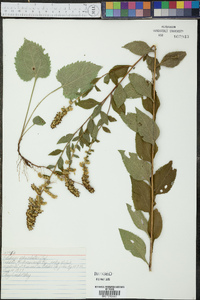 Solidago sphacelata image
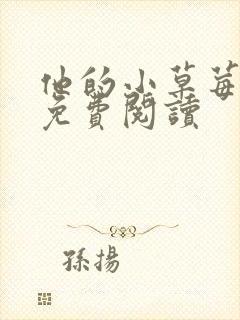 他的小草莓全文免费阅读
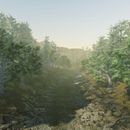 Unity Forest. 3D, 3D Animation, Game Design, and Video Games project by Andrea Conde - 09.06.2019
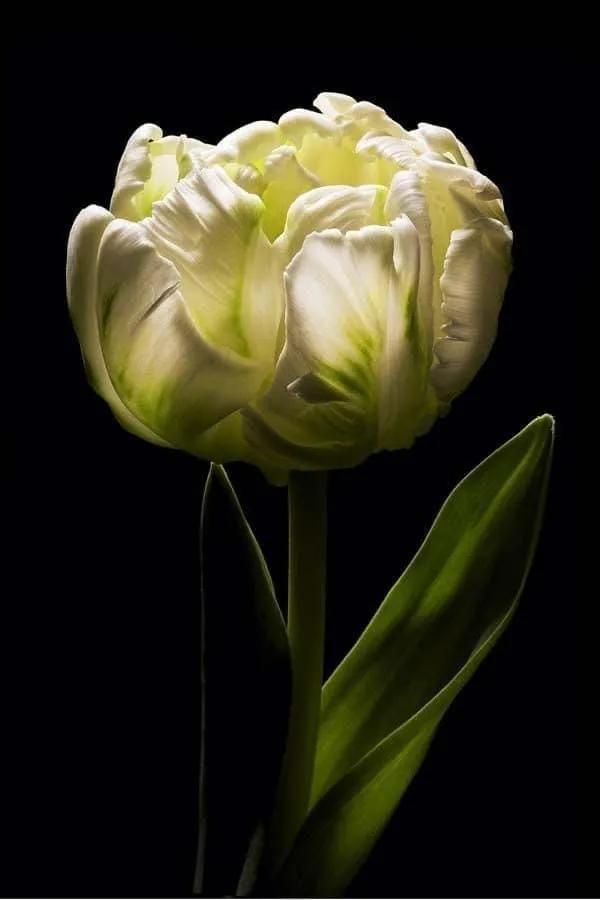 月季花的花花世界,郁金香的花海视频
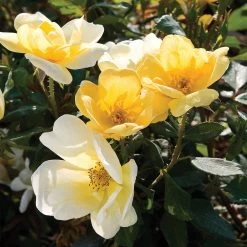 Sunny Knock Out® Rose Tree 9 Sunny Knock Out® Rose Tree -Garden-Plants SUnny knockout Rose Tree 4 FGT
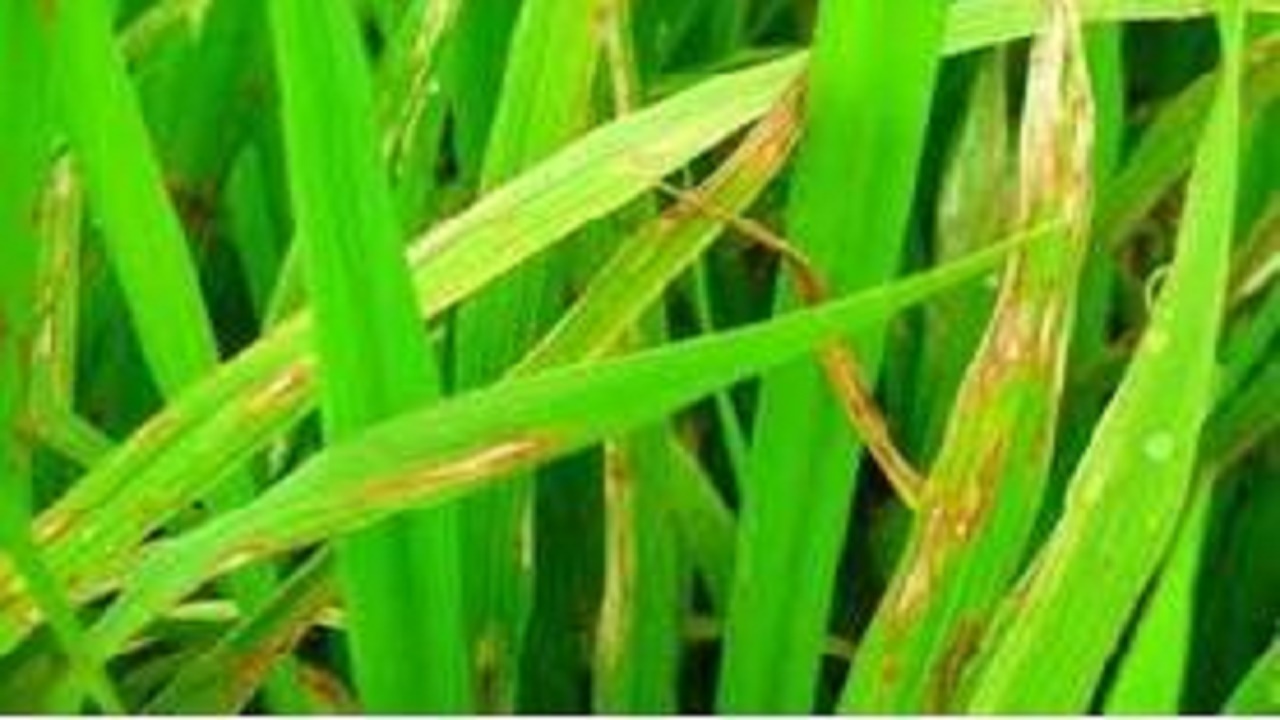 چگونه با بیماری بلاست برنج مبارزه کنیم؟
+ + +
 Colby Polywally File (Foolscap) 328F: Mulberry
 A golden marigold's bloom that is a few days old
+ + +
WHAT IS EXPECTED | Starting with the line that contains "月季花的花花世界,郁金香的花海视频" and finishing with the line that contains "چگونه با بیماری بلاست برنج مبارزه کنیم؟", reproduce every line of the material above exactly, but not the pictures.

FINISHED EXERCISE |
 月季花的花花世界,郁金香的花海视频
 Sunny Knock Out® Rose Tree 9 Sunny Knock Out® Rose Tree -Garden-Plants SUnny knockout Rose Tree 4 FGT
 چگونه با بیماری بلاست برنج مبارزه کنیم؟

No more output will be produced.